ARTICLE 19's analysis of Montenegro's draft media law

Memorandum by ARTICLE 19 Global Campaign
for Free Expression

London, April 2002
on the Montenegro draft Media Law


In March 2002, ARTICLE 19 received for comment an official translation of the draft Montenegro Media Law, produced by a working group established under the aegis of the Secretariat of Information. This draft law, which will replace the existing 1998 Law on Public Information as well as a number of other laws, represents an updated version of the draft Public Information Law published in October 2001. We commented extensively on that draft (1), and we are pleased to note that many of our comments and suggestions have been incorporated in the draft Media Law now released for comment. However, several of our concerns remain.

The present Memorandum updates our previously expressed concerns in light of the new draft. As an update, it does not discuss in detail the protection of freedom of expression in Montenegro through international and constitutional law. Instead, it first outlines the special position of the press in relation to freedom of expression and the protection
provided through the interpretative provision of the draft Media Law. The Memorandum goes on to provide a detailed analysis of some of the provisions of the new draft law which ARTICLE 19 has concerns about, along with recommendations for further improvement.
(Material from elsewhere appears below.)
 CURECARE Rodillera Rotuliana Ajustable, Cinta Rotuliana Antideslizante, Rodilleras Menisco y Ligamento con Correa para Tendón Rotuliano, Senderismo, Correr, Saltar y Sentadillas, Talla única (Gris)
The Media and Freedom of Expression

Article 1 of the draft law states that the clauses in the law "shall be interpreted in compliance with the principles contained in the European Convention for the Protection of Fundamental Rights and Freedoms and shall be governed by the precedence law practice of the European Court for Human Rights." Not only is this an important statement of intent; it effectively incorporates the ECHR and the Court's case law into the draft Media Law.

It is well-known that the European Court of Human Rights has frequently underlined the special role of the press in a democratic society:

Freedom of the press affords the public one of the best means of discovering and forming an opinion of the ideas and attitudes of their political leaders. In particular, it gives politicians the opportunity to reflect and comment on the preoccupations of public opinion; it thus enables everyone to participate in the free political debate which is at the very core of the concept of a democratic society. (2)

And further:

[I]ts duty is . to impart - in a manner consistent with its obligations and responsibilities - information and ideas on all matters of public interest. Not only does it have the task of imparting such information and ideas: the public also has a right to receive them. Were it
otherwise, the press would be unable to play its vital role of "public watchdog". (3)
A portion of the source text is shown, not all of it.